→ The task: Using the records below, repeat exactly the lines from the one holding "LOTS MODA Oversize" through the one holding "PROYOUNG MEN +18", both ends included, and no others.

======== Supplied records ========

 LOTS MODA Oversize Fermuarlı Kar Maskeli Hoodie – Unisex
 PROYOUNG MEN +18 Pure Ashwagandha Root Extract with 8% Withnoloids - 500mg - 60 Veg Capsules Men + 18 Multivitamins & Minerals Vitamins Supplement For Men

========
======== Supplied records ========

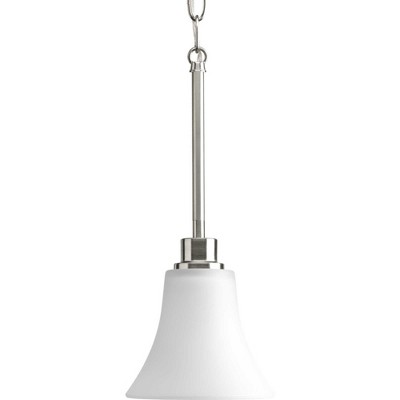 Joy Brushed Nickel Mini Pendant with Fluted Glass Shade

========

→ Task result:
 LOTS MODA Oversize Fermuarlı Kar Maskeli Hoodie – Unisex
 PROYOUNG MEN +18 Pure Ashwagandha Root Extract with 8% Withnoloids - 500mg - 60 Veg Capsules Men + 18 Multivitamins & Minerals Vitamins Supplement For Men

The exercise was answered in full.